Conservation club hosts annual dinner Saturday

Published 8:45 am Tuesday, February 18, 2014

Squirrel, pheasant, elk and other nontraditional meats will be on the menu at the Dowagiac Conservation Club’s annual Wild Game Dinner, held inside their clubhouse Saturday.

Starting at noon, visitors will be able to enjoy their fill of gamey meat dishes, including venison, rabbit, goose and other dishes prepared by club members, for a donation of $8. Fresh sides, salads and dessert will also be offered, along with beef and pork for those who want a more traditional dinner.

The club has hosted a wild game dinner the past 16 years, said organizer and conservation club member Richard Atkinson.

“Early on, a lot of our guys held wild game dinners during hunting season,” Atkinson said. “We eventually decided to consolidate all of them into one big event.”

Shortly after its introduction, the club opened the event up to the public, the organizer said. While attendance has ebbed and flowed over the decade and a half the club has hosted the event, participation has been steadily increasing over the last three to four years, Atkinson said.

He attributes the recent growth to strong word of mouth within the community.

“If you go to a wild game dinner and all they have is venison, it’s not a big deal,” Atkinson said. “If you go to one with a big array of wild dishes, like squirrel pie, you’ll probably want to tell others about it.”

While many of the animals on the menu are hunted or trapped locally, a few, such as the Elk, come from as far as Wyoming, Atkinson said.

While many of those who regularly attend the dinner are accustomed to eating gamey dishes, there are plenty of rookies who come out for the afternoon as well, Atkinson said.

“You have people who come out who have never eaten squirrel or things like that,” he said. “It’s fun to watch people eat things they have never eaten before.

The Wild Game Dinner is one of two major fundraisers the club holds in the winter, the other being last month’s Hunter’s Rendezvous. Proceeds from the two events go toward the conservation club’s youth education program

“As a 501C3 (nonprofit), we have to give back to the community,” Atkinson said. “Our youth education program helps us fulfill that promise.”

The program provides a number of benefits to area children with an interest in wildlife and the outdoors, including sending kids to camp and offering scholarships. The club also offers various events throughout the year aimed at children, including a youth fishing day, hunter education and a pheasant-hunting day.
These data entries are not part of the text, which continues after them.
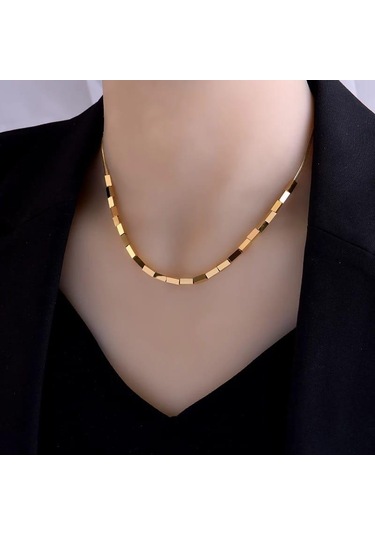 Sones Çelik Kolye Sns2029020 Gold
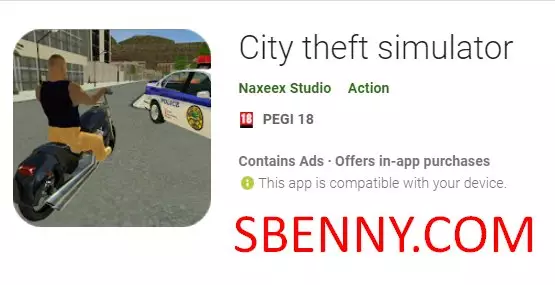  City theft simulator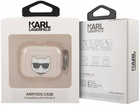 Чохол CG Mobile Karl Lagerfeld Glitter Choupette для AirPods 3 Gold (3666339009212) - зображення 3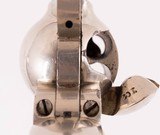 COLT SINGLE ACTION ARMY, NICKEL,.45 CALIBER, 4 3/4" BARREL, 1916 NEW ORLEANS SHIPPED - 7 of 14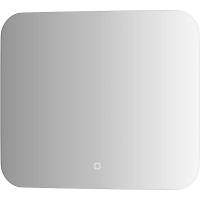Зеркало Defesto Opti 60x50 с подсветкой 19W-4500К/Сенсорный выключатель/Нейтральный белый свет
They also host a free animal education program with the Howell Nature Center, providing children with a chance to see live animals that are brought to the facility by professional handlers.

“It’s a good program for kids 6 to 7 years old, as well as old codgers like me,” Atkinson said.

In addition to the dinner, the conservation club will also sell raffle tickets at the door for $5. Prizes up for grab include a 12-gauge shotgun, a gun safe and a fish fryer.

The dinner will run from noon to 3 p.m. on Saturday, at the conservation clubhouse on M-51. Children plates will be provided for $4. Carryout will also be available for $8.